* WHAT YOU ARE ASKED TO DO *
If a line in the entries below contains the word "with", it counts; report how many such lines there are, and only that number.

(RECORDS FOR THIS TASK begins)

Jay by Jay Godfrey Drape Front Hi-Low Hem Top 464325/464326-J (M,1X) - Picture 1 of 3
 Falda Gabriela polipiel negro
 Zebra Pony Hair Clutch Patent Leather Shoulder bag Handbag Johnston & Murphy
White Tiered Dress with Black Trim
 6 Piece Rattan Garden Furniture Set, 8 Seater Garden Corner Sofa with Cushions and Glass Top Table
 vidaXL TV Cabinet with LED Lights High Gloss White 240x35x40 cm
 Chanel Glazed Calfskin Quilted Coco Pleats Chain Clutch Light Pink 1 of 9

(RECORDS FOR THIS TASK ends)

* EXPECTED OUTPUT *
3